# How to Make xt850 Match xt 850

A practical guide to solving glued-vs-spaced search queries like xt850 vs xt 850, with clear explanations of bigram_delimiter, second_numeric, second_has_digit, and reproducible examples.

## TL;DR

Since version `23.0.0`, Manticore can make searches like `xt850` match `xt 850` using [bigram_delimiter](https://manual.manticoresearch.com/dev/Creating_a_table/NLP_and_tokenization/Low-level_tokenization#bigram_delimiter) together with digit-aware [bigram_index](https://manual.manticoresearch.com/dev/Creating_a_table/NLP_and_tokenization/Low-level_tokenization#bigram_index) modes.

This solves a common tokenization mismatch in product search, where users remove spaces from model names but the source data stores them as separate tokens.

## Assumptions and verification

This article assumes:

- RT tables created with SQL examples exactly as shown
- default tokenization unless the example explicitly changes a setting
- ASCII digits in model names, because `second_numeric` and `second_has_digit` are digit-aware modes built around `0-9`

All SQL examples and expected outputs in this article were verified against a real Manticore `23.0.0` instance before publishing, using fresh tables created from scratch for each scenario.
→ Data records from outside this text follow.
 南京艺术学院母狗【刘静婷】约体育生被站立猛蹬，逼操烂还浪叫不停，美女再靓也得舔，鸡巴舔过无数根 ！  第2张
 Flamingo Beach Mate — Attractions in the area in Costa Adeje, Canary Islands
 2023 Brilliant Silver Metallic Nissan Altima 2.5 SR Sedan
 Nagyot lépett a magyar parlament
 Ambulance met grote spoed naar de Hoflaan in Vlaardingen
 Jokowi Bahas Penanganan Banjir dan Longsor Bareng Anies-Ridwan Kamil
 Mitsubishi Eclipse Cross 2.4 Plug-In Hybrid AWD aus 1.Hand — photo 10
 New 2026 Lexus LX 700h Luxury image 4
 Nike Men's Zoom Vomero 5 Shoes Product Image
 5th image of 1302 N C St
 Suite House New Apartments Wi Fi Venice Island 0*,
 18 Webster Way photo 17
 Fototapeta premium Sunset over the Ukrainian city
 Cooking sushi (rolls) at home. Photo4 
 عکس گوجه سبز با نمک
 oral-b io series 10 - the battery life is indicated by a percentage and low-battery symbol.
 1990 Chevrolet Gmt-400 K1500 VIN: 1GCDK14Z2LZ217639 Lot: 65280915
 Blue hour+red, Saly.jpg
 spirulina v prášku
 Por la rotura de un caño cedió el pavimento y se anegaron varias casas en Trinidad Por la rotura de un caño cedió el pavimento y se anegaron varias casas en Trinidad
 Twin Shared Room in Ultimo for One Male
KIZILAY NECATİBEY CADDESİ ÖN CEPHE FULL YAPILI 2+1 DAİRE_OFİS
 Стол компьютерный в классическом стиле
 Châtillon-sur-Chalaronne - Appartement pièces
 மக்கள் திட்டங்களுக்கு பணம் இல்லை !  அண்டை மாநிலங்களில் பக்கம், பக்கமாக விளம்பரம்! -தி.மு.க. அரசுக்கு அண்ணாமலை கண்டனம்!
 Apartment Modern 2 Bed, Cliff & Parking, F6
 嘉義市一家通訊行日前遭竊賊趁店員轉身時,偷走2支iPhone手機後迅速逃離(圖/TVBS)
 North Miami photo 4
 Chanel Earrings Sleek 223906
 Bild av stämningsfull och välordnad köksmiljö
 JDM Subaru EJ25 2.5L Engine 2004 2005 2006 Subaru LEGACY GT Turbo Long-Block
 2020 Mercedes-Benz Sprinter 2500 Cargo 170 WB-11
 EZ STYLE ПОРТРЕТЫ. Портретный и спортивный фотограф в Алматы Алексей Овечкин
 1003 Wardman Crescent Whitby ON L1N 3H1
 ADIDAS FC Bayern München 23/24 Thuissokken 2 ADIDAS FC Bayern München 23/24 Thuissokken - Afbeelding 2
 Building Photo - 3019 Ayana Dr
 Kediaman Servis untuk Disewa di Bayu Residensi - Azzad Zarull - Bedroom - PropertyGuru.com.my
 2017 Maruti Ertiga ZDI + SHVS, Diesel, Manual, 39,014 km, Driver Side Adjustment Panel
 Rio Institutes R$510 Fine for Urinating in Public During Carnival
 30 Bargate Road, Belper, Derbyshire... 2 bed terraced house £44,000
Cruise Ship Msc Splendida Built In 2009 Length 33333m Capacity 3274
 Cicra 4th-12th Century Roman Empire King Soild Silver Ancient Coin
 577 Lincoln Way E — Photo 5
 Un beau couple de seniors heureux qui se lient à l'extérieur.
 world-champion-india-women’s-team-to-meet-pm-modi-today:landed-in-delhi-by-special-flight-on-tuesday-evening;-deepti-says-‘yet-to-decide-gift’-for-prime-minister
## The broader search problem

Imagine a catalog containing:

- `xt 850 action camera`
- `iphone 5se battery case`
- `canon eos 80d body`
- `thinkpad x1 carbon`

Now imagine users searching for:

- `xt850`
- `iphone5se`
- `eos80d`
- `thinkpadx1`

From the user's point of view, these should obviously match. From the engine's point of view, they often do not, because the indexed text is tokenized as separate terms.

Search systems usually attack that mismatch in one of four ways:

- index prefixes or infixes
- add custom normalization rules
- duplicate content into alternate normalized fields
- index adjacent token pairs and optionally store glued variants too

Manticore's newer bigram functionality is a structured way to do the fourth option without awkward field duplication.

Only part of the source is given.